#### [Assignment]
Only the lines below from the one with "回不去的人的句子精选139句思维导图" through the one with "Clipart Greedy 2" are to be written out, exactly and without any images.

#### [Records shown]
★ ★ ★ ★
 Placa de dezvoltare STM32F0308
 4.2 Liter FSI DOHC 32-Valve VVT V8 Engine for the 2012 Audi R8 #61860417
★ ★ ★ ★
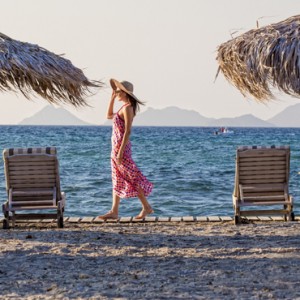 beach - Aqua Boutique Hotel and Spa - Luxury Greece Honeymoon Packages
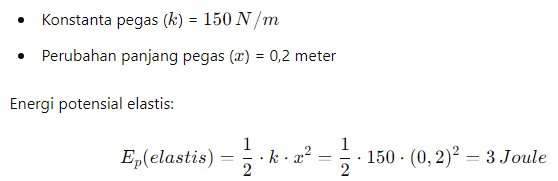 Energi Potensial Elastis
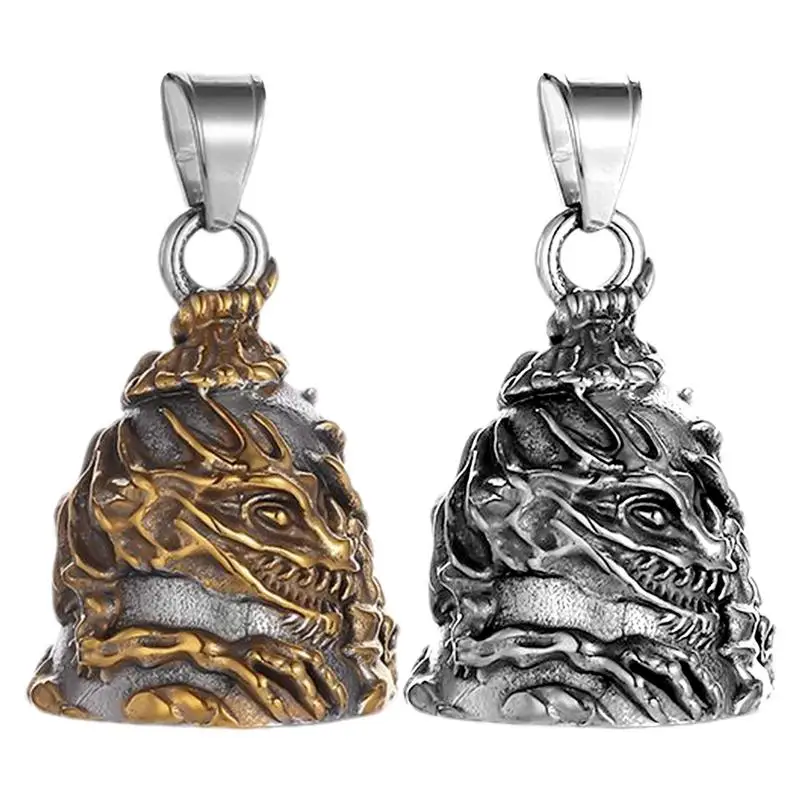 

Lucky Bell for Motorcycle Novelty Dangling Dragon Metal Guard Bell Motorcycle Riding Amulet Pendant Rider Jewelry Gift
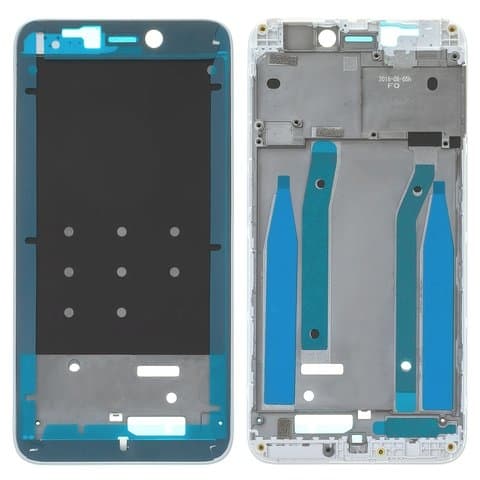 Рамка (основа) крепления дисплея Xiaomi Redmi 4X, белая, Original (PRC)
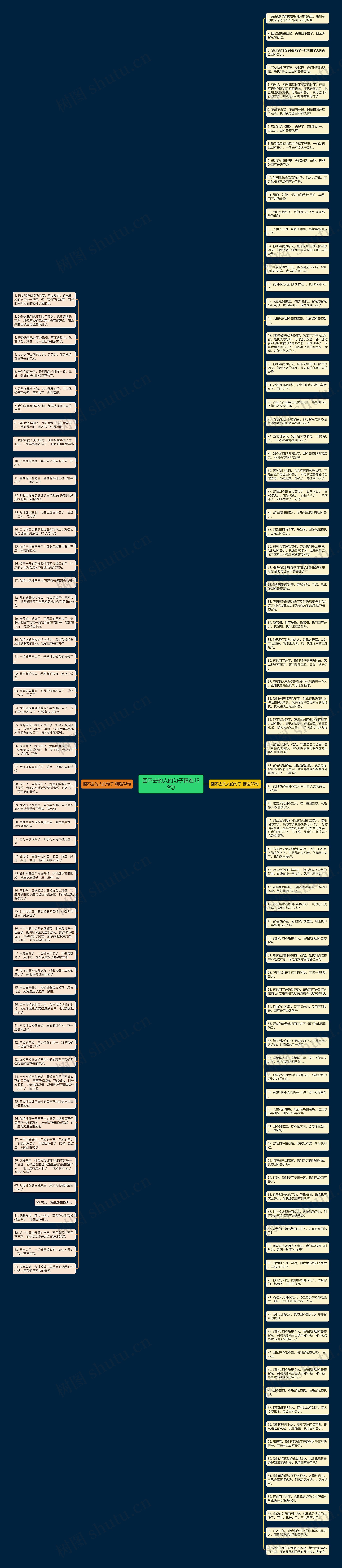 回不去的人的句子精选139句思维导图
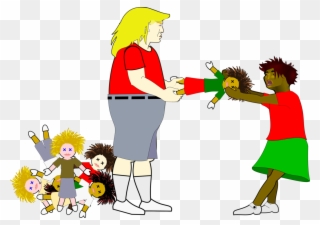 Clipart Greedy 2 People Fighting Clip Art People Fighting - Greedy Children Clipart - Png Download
★ ★ ★ ★
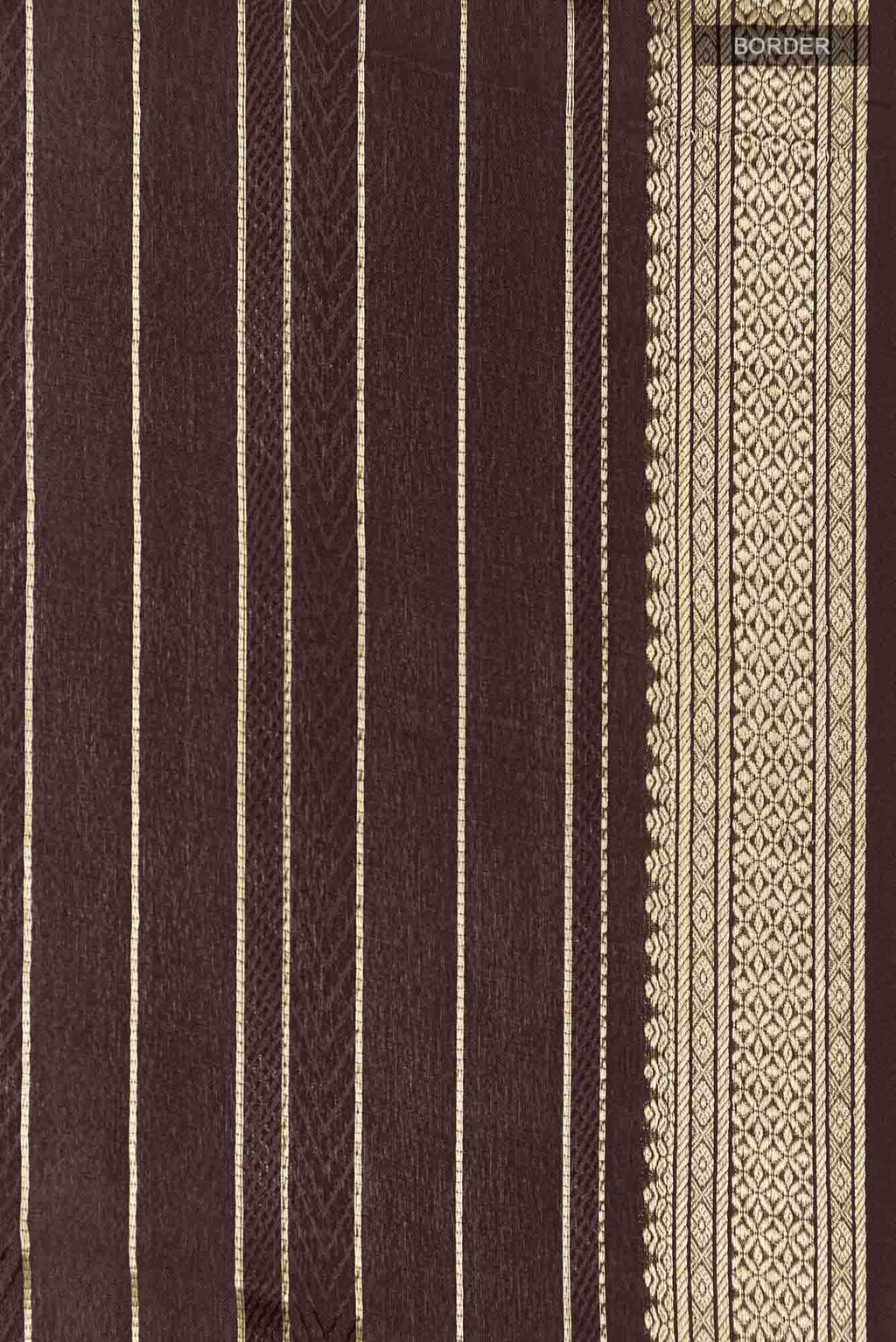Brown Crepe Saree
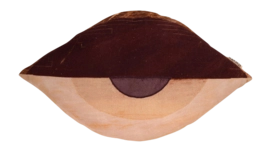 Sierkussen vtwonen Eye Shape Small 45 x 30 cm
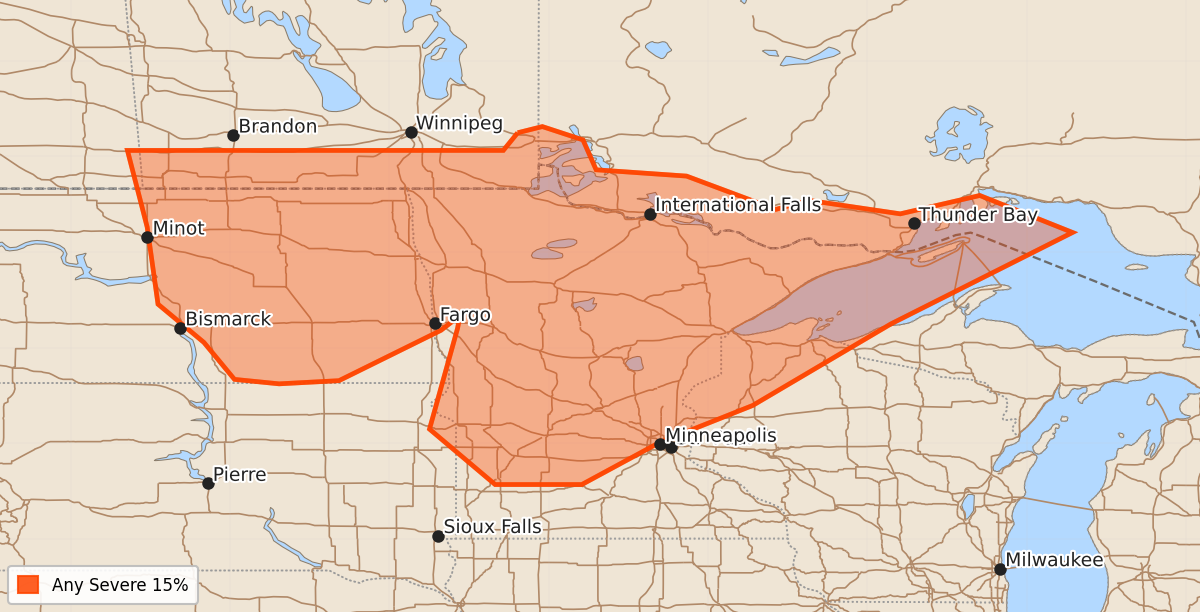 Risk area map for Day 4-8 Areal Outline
★ ★ ★ ★
#### [Written solution]
 回不去的人的句子精选139句思维导图
 Clipart Greedy 2 People Fighting Clip Art People Fighting - Greedy Children Clipart - Png Download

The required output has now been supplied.